La singularidad del desenlace es que, para buena parte de los alumbramientos, es como si Rajoy hubiera recurrido al vientre de alquiler de la vicepresidenta. O sea, como si el presidente hubiera puesto un huevo tan enorme como el de las aves voraces que turbaron el viaje de Simbad, del que ha salido una Soraya mucho más robusta y dotada que la de la primera legislatura, transformada a su vez en gallina ponedora.
Eso ha supuesto un desdoblamiento de la cadena de producción de forma que mientras Rajoy ha engendrado también otros huevos más pequeños de los que han salido Cospedal, Zoido o el nuevo de Exteriores, Soraya sumaba su propia pollada a la del presidente con aportaciones como la de Álvaro Nadal o las de Rafael Catalá y el reforzado Méndez Vigo que, si bien ya parchearon el gabinete a finales de la pasada legislatura, no han terminado de salir del cascarón hasta esta confirmación en una crisis de gobierno.

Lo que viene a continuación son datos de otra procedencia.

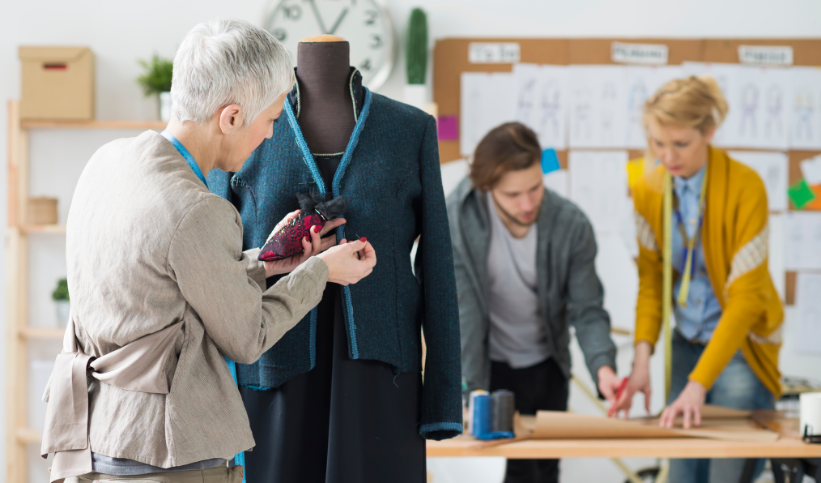 cursus et formation des jeunes createurs de mode en 2025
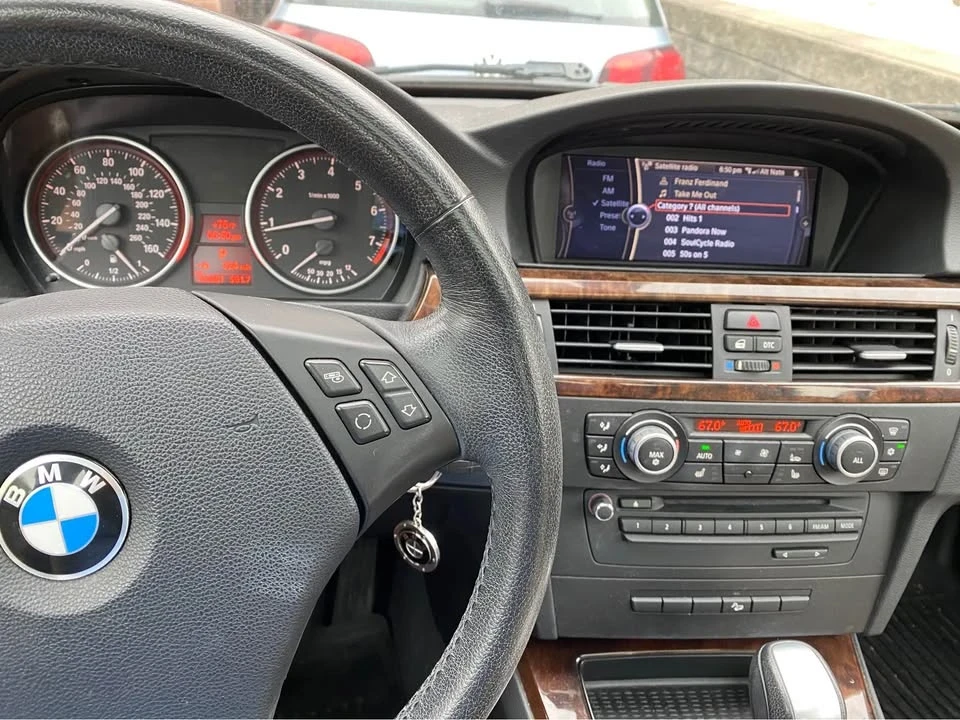 2010 BMW E90 3 Series Sedan - Image 2 of 3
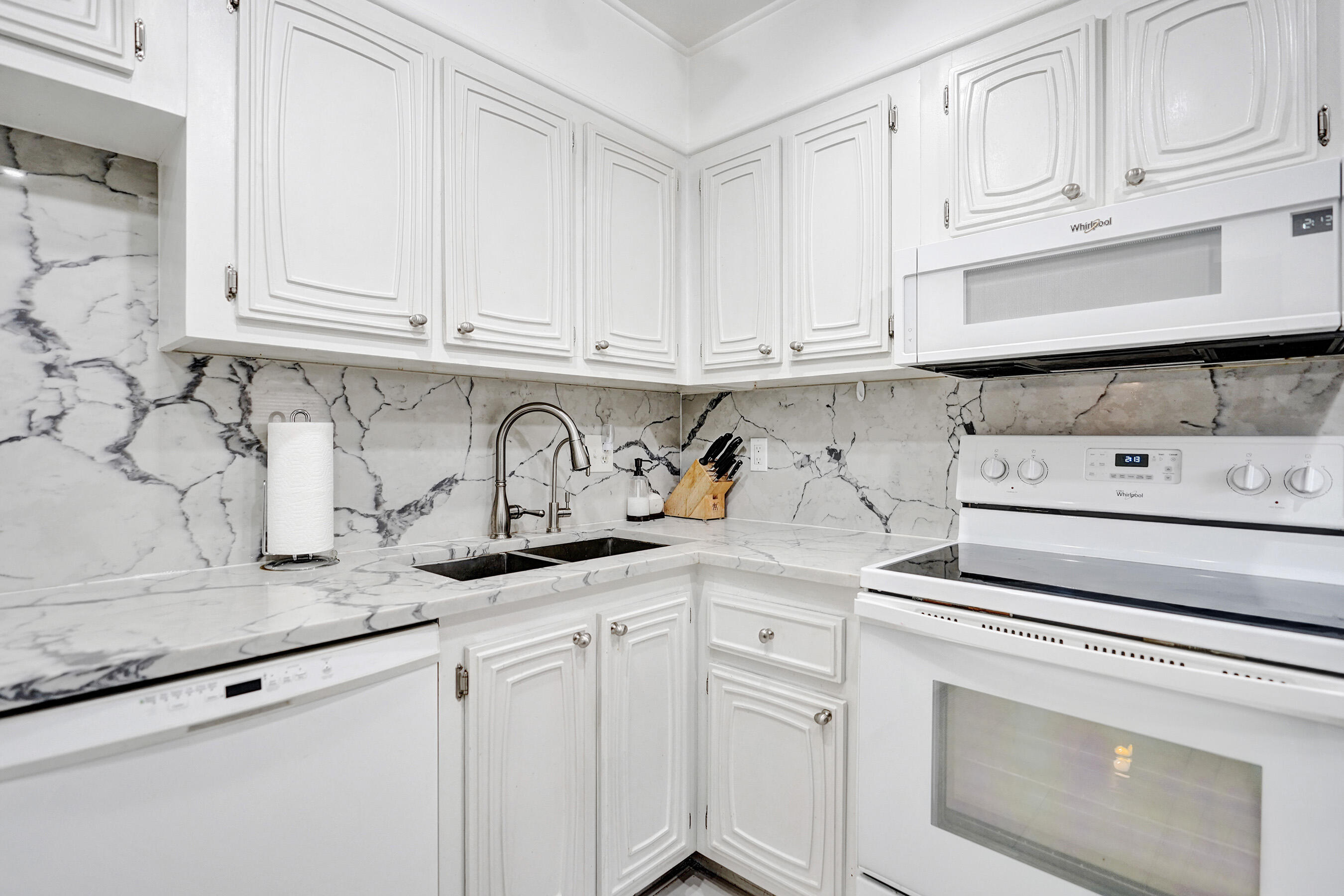 6461 Northwest 2nd Avenue, Unit FIVE Boca Raton, FL 33487 - Photo 4 of 73 DSC03401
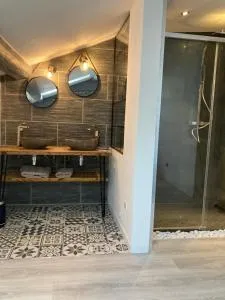 Grande terrasse CLIM parking privé SMART TV, local velos - 索尔古河畔的恩特莱奎斯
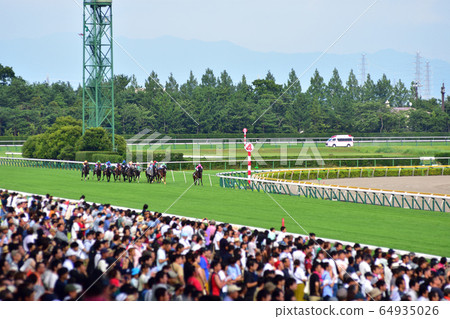 Fans enthusiastic about the last line 64935026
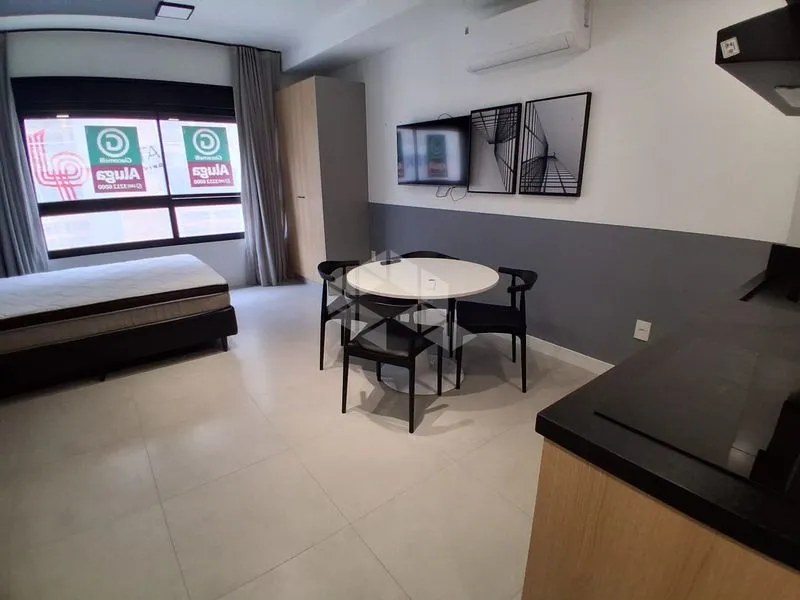 1 quarto e janelas do piso ao teto: apartamento de 45 m² — photo 2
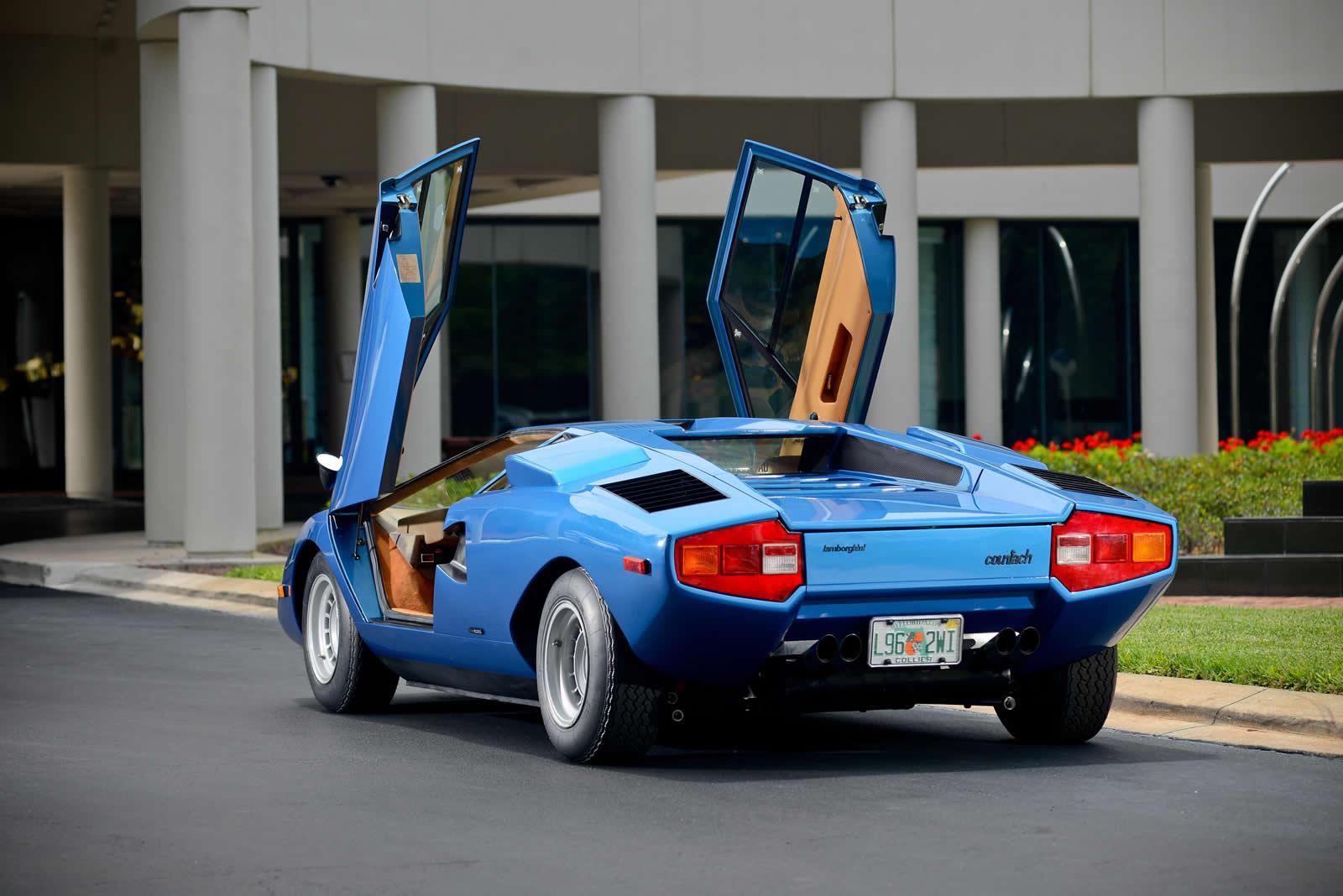 На аукцион выставили уникальный Lamborghini с перископом 3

Es como si Rajoy hubiera recurrido al vientre de alquiler de la vicepresidenta
Si a esas consolidaciones sumamos la continuidad de Montoro y Fátima Báñez, sus fieles escuderos de la pasada legislatura, y la desaparición de sus antagonistas Margallo y Fernández Díaz, queda un gobierno en el que el peso del “clan de los sorayos” –a partir de ahora “pollada sorayesca”- crece de forma exponencial en detrimento del llamado G-8. De aquel potente grupo de amigos personales del presidente ya sólo queda Guindos con el refuerzo potencial de Dastis, acostumbrado a tutelarle en sus tumbos idiomáticos durante las cumbres europeas. Aunque Cospedal y Zoido se sumaran a ese tándem, la correlación de fuerzas seguiría siendo abrumadoramente favorable a la vicepresidenta.

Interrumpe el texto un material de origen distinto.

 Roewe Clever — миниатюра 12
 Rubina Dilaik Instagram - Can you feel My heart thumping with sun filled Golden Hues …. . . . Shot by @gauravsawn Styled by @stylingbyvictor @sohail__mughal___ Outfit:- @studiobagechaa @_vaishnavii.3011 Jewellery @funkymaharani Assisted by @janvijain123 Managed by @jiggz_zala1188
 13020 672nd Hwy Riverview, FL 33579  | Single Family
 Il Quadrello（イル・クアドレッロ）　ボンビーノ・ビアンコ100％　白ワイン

La clave estriba en que Rajoy ha seguido entregándole los resortes del clientelismo político al permitirle sumar al Ministerio de la Presidencia el de Administraciones Territoriales –clave junto al de Hacienda para la financiación autonómica-, conservar el CNI y delegar la portavocía en uno de los suyos. Es obvio que en este panorama ministros que podrían quedar en tierra de nadie como García Tejerina y los neófitos Dolors Montserrat e Iñigo de la Serna van a tener muy claro dónde está el sol que más calienta.

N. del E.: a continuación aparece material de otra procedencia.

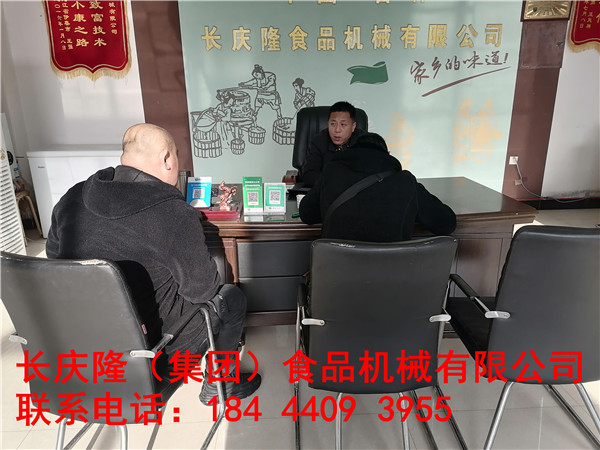 安圖楊先生關注長慶隆很久了，今日來到長慶隆購買了大豆腐機全套設備，稍后進入實操教學階段！長慶隆祝您財源廣進，生意興隆。 (6).jpg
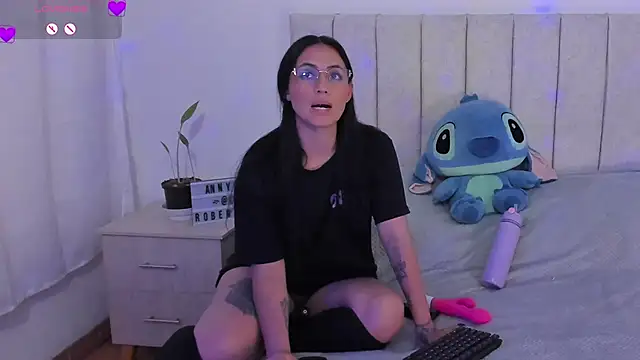 anny roberts online show from 11-23-25, 10:09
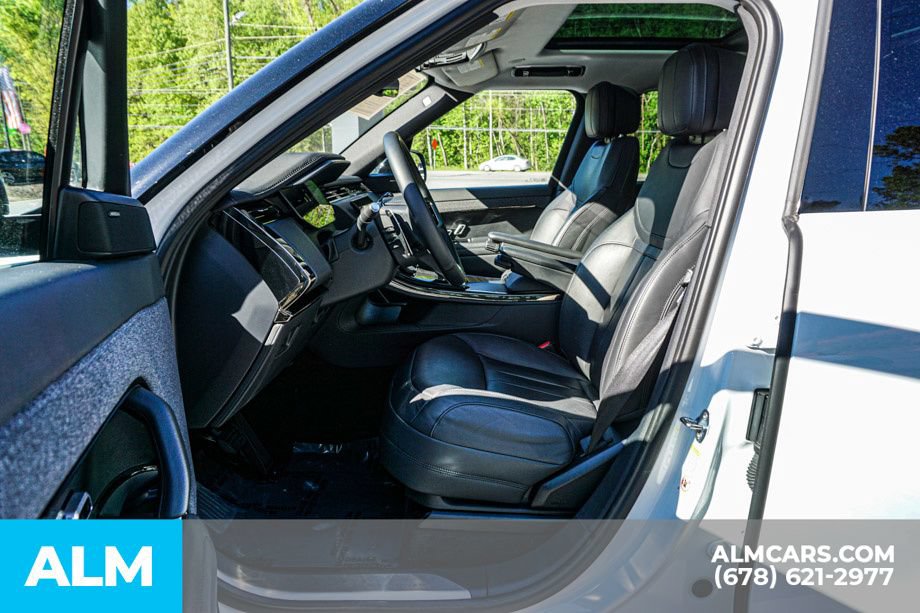 Used 2023 Land Rover Range Rover Sport SE AWD/4WD image 18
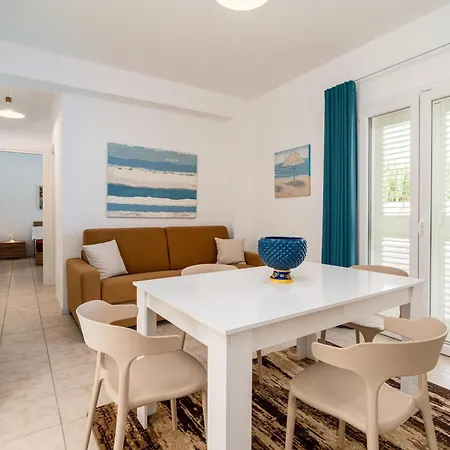 Complesso Lunarossa In City Lejlighed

Es evidente que nada de esto estaría sucediendo si el presidente no lo quisiera expresamente. A poco que este gabinete dure –y teniendo en cuenta el año de gobierno en funciones- Rajoy quedará afectado por su compromiso público con Ciudadanos de no aspirar a un tercer mandato. Como puede apreciarse en la encuesta que hoy publicamos, la mayoría cree que no cumplirá ni esta ni ninguna de las otras condiciones pactadas con Rivera; pero sin duda pesará también sobre su ánimo que Aznar honró exquisitamente la autolimitación a dos mandatos y que de esa renuncia brotó su propio liderazgo.
Ironías al margen, parece claro que cuando Rajoy dijo en mayo que no tenía un “heredero natural” en el PP no se refería a que su hijo Marianito no tuviera todavía ni la edad ni la acumulación de collejas necesarias para dar continuidad a la saga. Aludía más bien a los cadáveres apilados en la cuneta de su biografía política –Rato, Gallardón, Esperanza, Zaplana…-, a los muertos vivientes –Arenas, González Pons- que aún adornan su paisaje y al puñado de imberbes –Casado, Maroto, Levy- que llegaron a forjarse expectativas, como se ve baldías.
Ahora todo ha cambiado y es el propio Rajoy quien surge como gran impulsor de la “operación Menina”, urdida el año pasado en su contra. La pequeña Soraya que llegó en 2008 a la portavocía del grupo parlamentario como si fuera Annie la Huerfanita, protegida por su extravagante Papaíto Piernas Largas, es ya todo un proyecto de presidenta del Gobierno en marcha. La Thatcher, la Merkel, la Hillary española. Por eso la última pollada de Rajoy es ya la primera pollada de Sáenz de Santamaría. Por eso la verdadera derrota en este envite no ha sido la de Cospedal sino la de Núñez Feijoo. Cosas de gallegos.